_EXERCISE REQUIREMENTS:_
Nothing but an exact repeat of the data, with pictures removed, belongs in the answer.

_DATA SHOWN:_

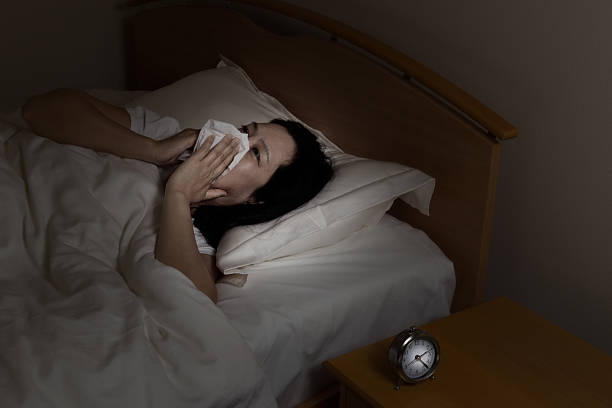 istock Mature woman sick while lying in bed at night time 495923264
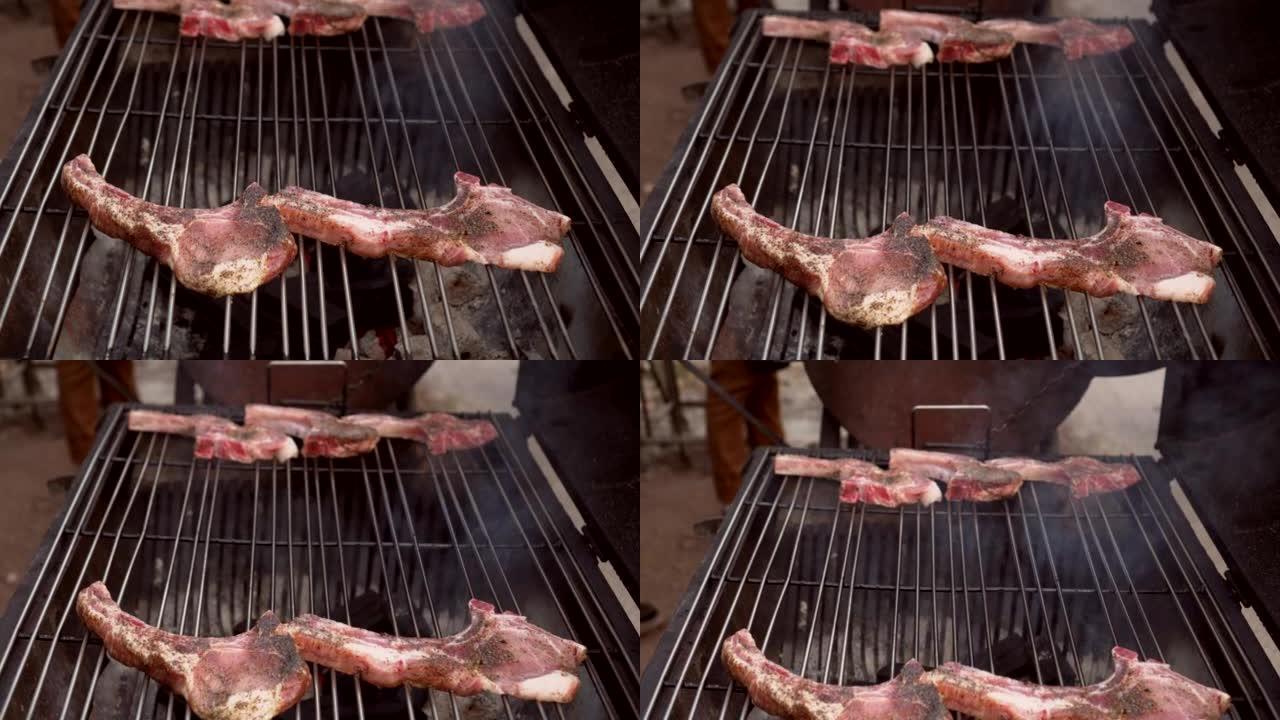 烹饪生猪排和排骨牛排在花园户外派对食物的炉子烧烤烤架上烧烤
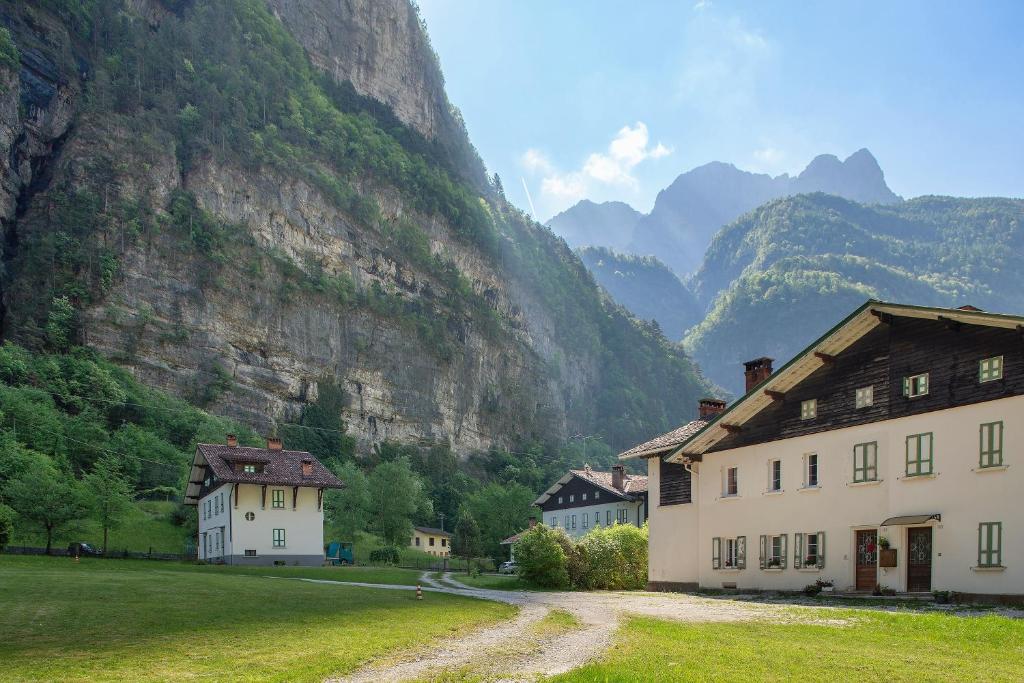 a group of houses in front of a mountain at Villa Stanga in Sedico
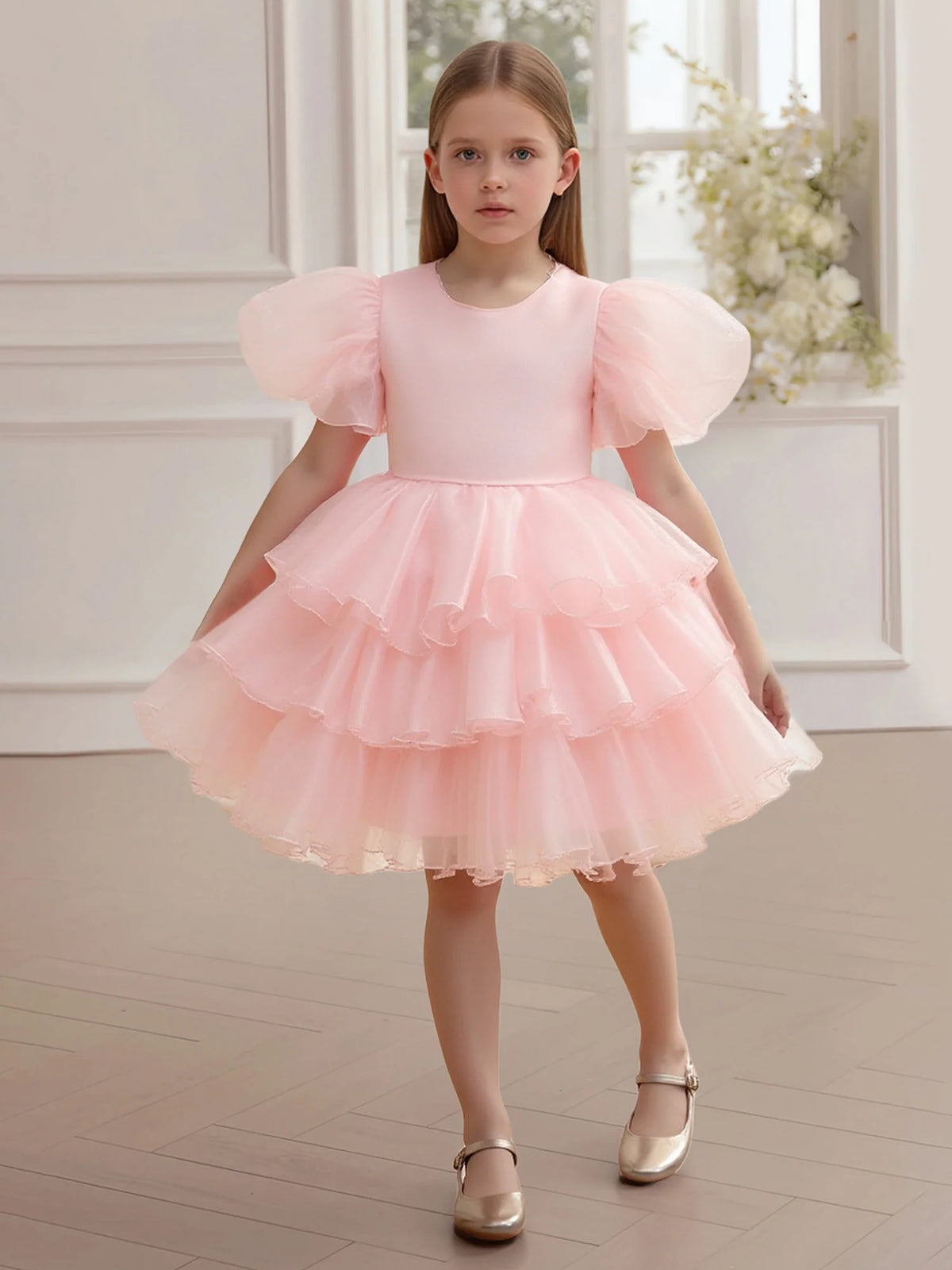 Heowos pink flower girl dress with a round satin bodice, oversized sheer puff sleeves and three cascading ruffle tiers on a knee-length skirt.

_ANSWER TO THIS EXERCISE:_
 istock Mature woman sick while lying in bed at night time 495923264
 烹饪生猪排和排骨牛排在花园户外派对食物的炉子烧烤烤架上烧烤
 a group of houses in front of a mountain at Villa Stanga in Sedico
 Heowos pink flower girl dress with a round satin bodice, oversized sheer puff sleeves and three cascading ruffle tiers on a knee-length skirt.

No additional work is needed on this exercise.